EĞİTİM KURUMLARININ REHBERLİK VE DENETİMİNİ KALDIRMAKLA NE İYİ ETTİNİZ!

Eğitimci yazar Mustafa Aygün, eğitim kurumlarında var olan, ama daha sonra kaldırılan rehberlik ve denetim işinin kaldırılma sebebini sorguluyor.

EĞİTİM KURUMLARININ REHBERLİK VE DENETİMİNİ KALDIRMAKLA NE İYİ ETTİNİZ!

Olay tarihi 10 Mart 2021. Batman’ın Sason İlçesinde öğrenciler ile tekstil işçilerinin taşındığı servis minibüsünün 300 metrelik uçurumdan devrilmesi sonucu 2 kişi yaşamını yitirdi. Beşi ağır olmak üzere 26 kişi de yaralandı. Kazanın ardından Millî Eğitim Bakanlığı müfettişlerinin ilçede sürdürdüğü soruşturma kapsamında Sason İmam Hatip Lisesi Müdürü F.Ö. ve Müdür Yardımcısı A.K. ile Sason Anadolu Lisesi Müdürü A.T. ve Müdür Yardımcısı M.K.'nin açığa alındığı öğrenildi.

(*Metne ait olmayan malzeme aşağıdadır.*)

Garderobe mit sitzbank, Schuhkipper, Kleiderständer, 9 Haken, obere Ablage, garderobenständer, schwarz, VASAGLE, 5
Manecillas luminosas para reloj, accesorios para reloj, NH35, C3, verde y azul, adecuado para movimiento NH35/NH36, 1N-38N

Olay tarihi 10 Aralık 2019. Ankara'da 7 yaşındaki Mert Yağız Köksal'ın okul kantininden satın aldığı plastik şırınga içerisindeki çikolatayı yerken boğazına tıpa kaçması sonucu nefessiz kalarak yaşamını yitirmesiyle ilgili okul müdürü ve sınıf öğretmenin de arasında bulunduğu 6 kamu görevlisi hakkında 13 yıl hapis istemiyle dava açıldı.

Olay tarihi 01 Aralık 2019. Trabzon’un Ortahisar ilçesine bağlı Çağlayan Mahallesi'nde okulun bahçesinde oyun oynayan ortaokul öğrencisi, başına kale direğinin devrilmesi sonucu ağır yaralandı.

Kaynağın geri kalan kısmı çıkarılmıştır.